Section 470: "If the county designated for the purpose in the summons and complaint is not the proper one, the action may, however, be tried therein, unless the defendant, before the time of answering expires, demands in writing that the trial be conducted in the proper county, and the place of trial is thereupon changed by consent of parties, or by order of the court. The court may change the place of trial in the following cases: (1) When the county designated for the purpose is not the proper one. (2) When the convenience of witnesses and the ends of justice would be promoted by the change," etc.

The defendant in apt time filed a petition before the clerk of the Superior Court of McDowell County, N.C. alleging: "(1) The plaintiff at the time of the institution of this action was a citizen and resident of Buncombe County, North Carolina. (2) The ends of justice as well as the convenience of witnesses will be promoted by the change."

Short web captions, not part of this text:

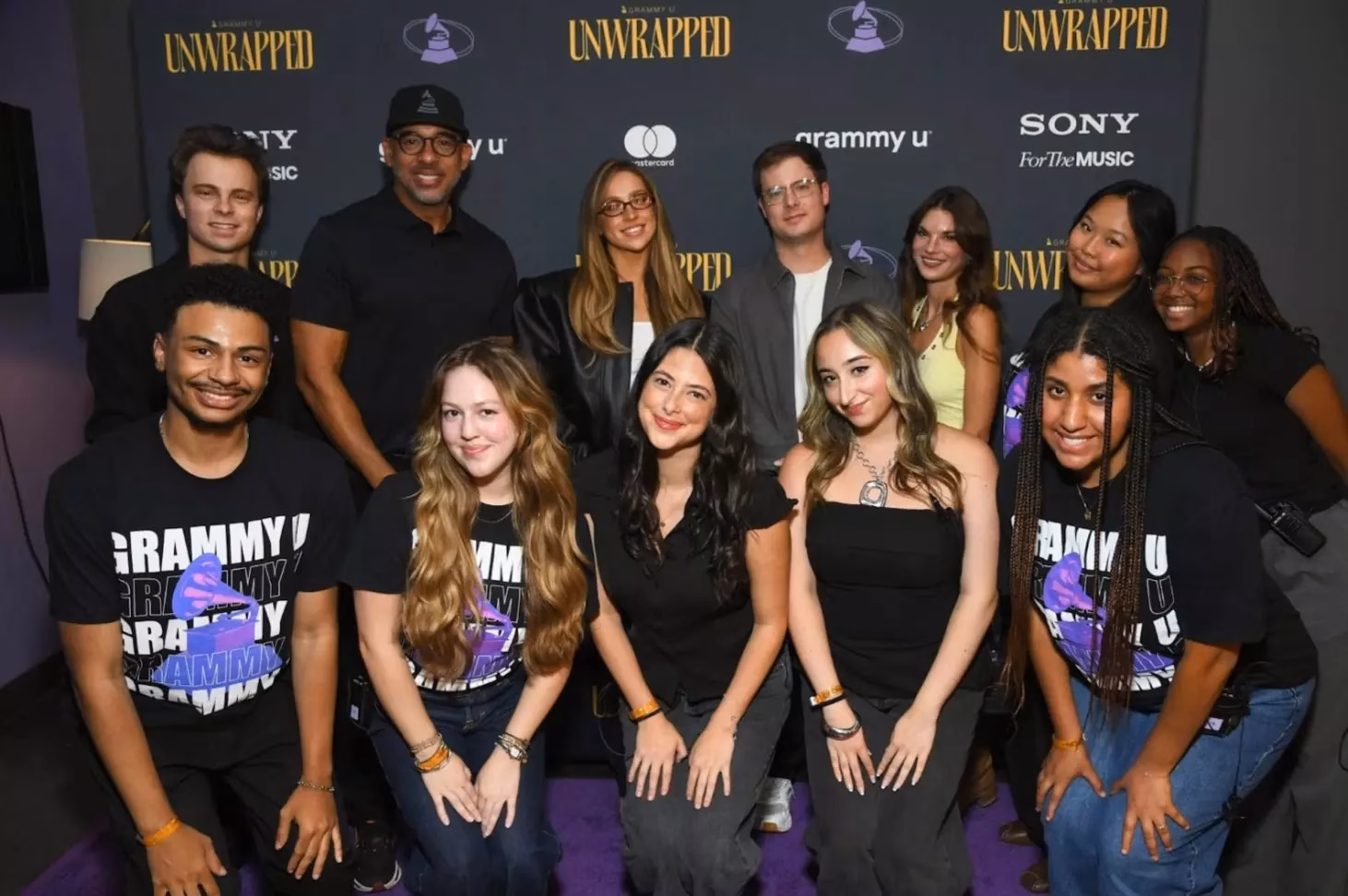 Tate McRae poses with GRAMMY U Reps 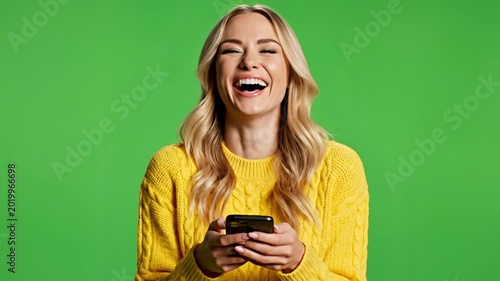 Young Woman Laughing While Using Her Smartphone on a Green Screen Background.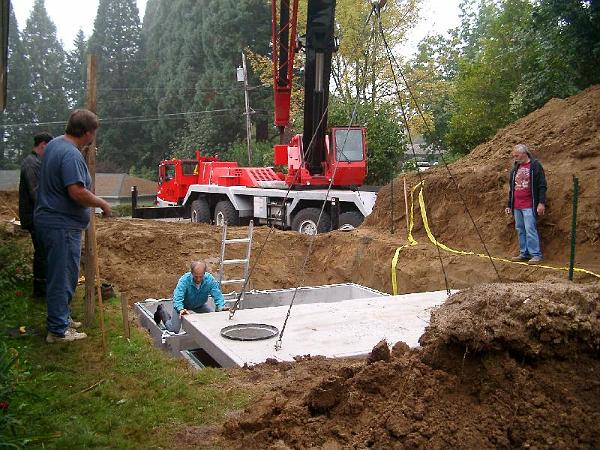 House 9.24.04 00046.JPG - The lid weighs 2 tons.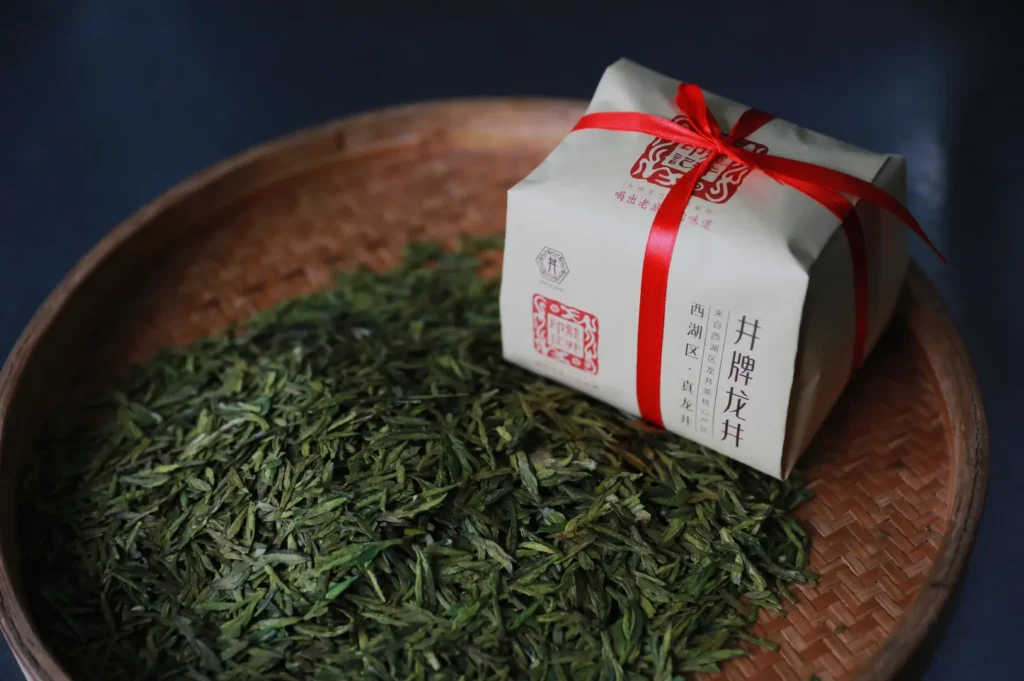 A bamboo tray filled with loose green tea leaves sits next to a neatly wrapped package tied with a red ribbon, conveying an artisanal and traditional vibe.
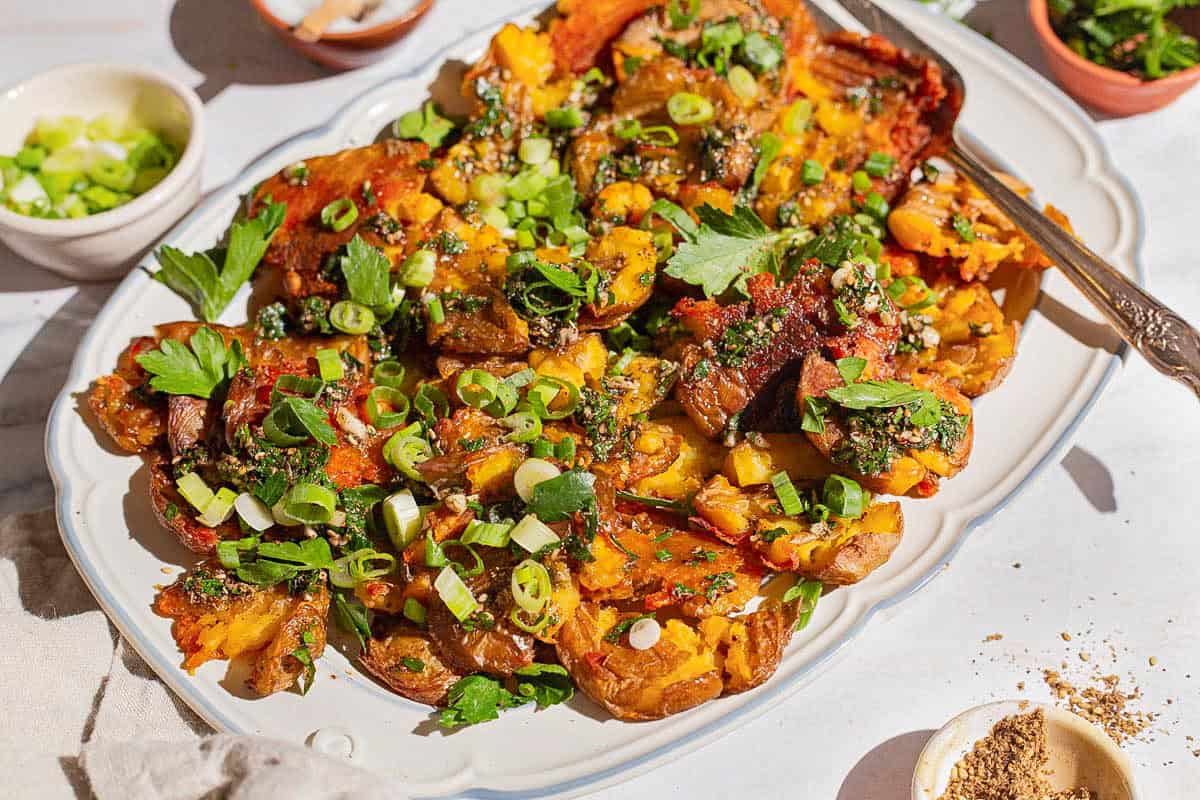 A close up of crispy smashed potatoes on a serving platter with a fork. Next to this are bowls of chopped green onions, kosher salt, za'atar, and parsley.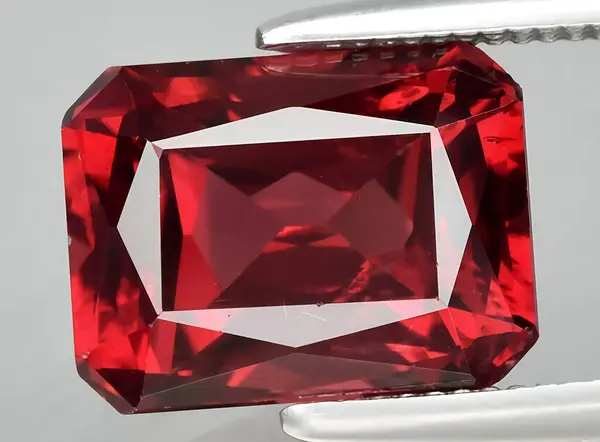 natural red rhodolite gem on the background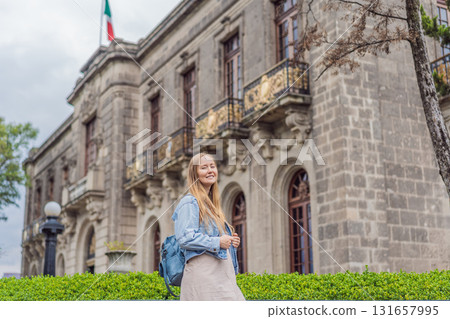 Young woman tourist standing near Chapultepec Castle in Mexico City, exploring the historic landmark. Solo travel, cultural heritage, tourism, and adventure concept Young woman tourist standing near Chapultepec Castle in Mexico City, exploring the historic landmark. Solo travel, cultural heritage, tourism, and adventure concept 131657995
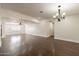 Elegant dining room with hardwood floors and chandelier at 616 E Country S Plz, Gilbert, AZ 85234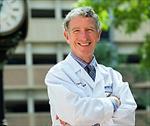 Thomas Perls wearing whitecoat standing outside near large clock, green leaves and building in background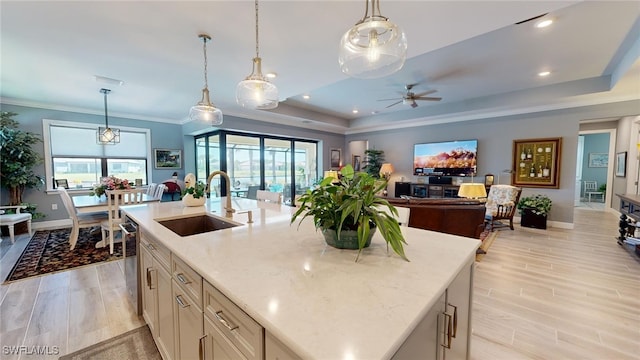 kitchen featuring sink, light stone countertops, a kitchen island with sink, and a wealth of natural light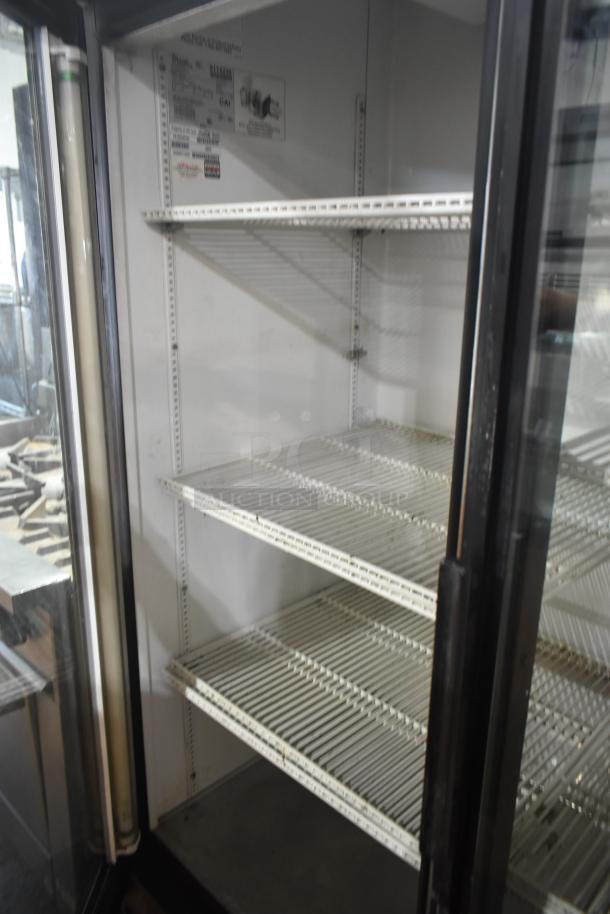 True GDM-49 commercial 2-door reach-in cooler, 115 volts, 1 phase. Interior shelving visible, in good condition.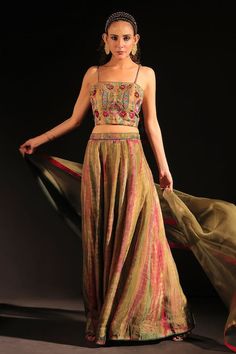 Olive green tie-dye pattern flared lehenga. Paired with a floral embroidered blouse with dori string details and shaded organza dupatta. - Aza Fashions Summer Reception Green Lehenga, Green Silk Bohemian Sharara, Bohemian Green Choli With Sheer Dupatta, Green Bohemian Silk Sharara, Bohemian Green Silk Sharara, Green Bohemian Summer Choli, Summer Silk Lehenga With Dupatta, Bohemian Green Lehenga With Sheer Dupatta, Bohemian Green Sharara For Reception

The clerk declined to remove the action, and, on appeal, the court below did likewise. The court below heard affidavits on the matters in controversy and found certain facts and rendered judgment as follows:

"1. The court finds as a fact that plaintiff alleges he was injured by collision between his automobile and the defendant's bus, and that said collision occurred in McDowell County; that it would be as convenient for witnesses to attend in McDowell County as in Buncombe County.

"2. The court finds as a fact that prior to 20 July, 1936, that the plaintiff was a resident of Buncombe County, living in the town of Black Mountain, and that on 26 July, 1936, the plaintiff sold his residence in Black Mountain and on 22 July, 1936, rented apartment or rooms in a home in the town of Marion and removed his household effects and family from Black Mountain in Bumcombe County to Marion in McDowell County.

"3. The court further finds as a fact that the plaintiff is a traveling man; that he paid rent on his rooms in McDowell County in the town of Marion until January, 1937, at which time he left said county and moved a Siler City with his family. That during the time the plaintiff resided in Marion with his family he was away from home to considerable portion of the time in the transaction of his business, and in having a doctor in Charlotte treat himself and his wife. *203

"4. The court is of the opinion, and so holds, that at the time of the institution of this action in July, 1936, plaintiff was a bona fide resident of McDowell County, and as such resident is entitled to maintain his action in the Superior Court of said county.

"5. The court finds as a fact that the collision occurred near Marion, in McDowell County, and the court finds that it would be as convenient for the witnesses to attend court in McDowell County as it would be in Buncombe County, and that the ends of justice would not be promoted by removal of the cause to Buncombe County from McDowell County.

"Upon the findings, the court is of the opinion, and so holds, that the motion of the defendant for the removal of said cause is denied and the cause is retained for trial in McDowell County Superior Court."

In Horne v. Horne, 31 N.C. 99 (107), speaking to the subject, it is said: "The term domicile, in its ordinary and familiar use, means the place where a person lives, or has his home; in a large sense, it is where he has his true, fixed, and permanent home, to which, when absent from it, he intends to return, and from which he has no present purpose to remove. Two things, then, must occur to constitute a domicile — first, residence, and second, the intention to make it a home — the fact and the intent." S. v. Carter, 194 N.C. 293; S. c., 195 N.C. 697.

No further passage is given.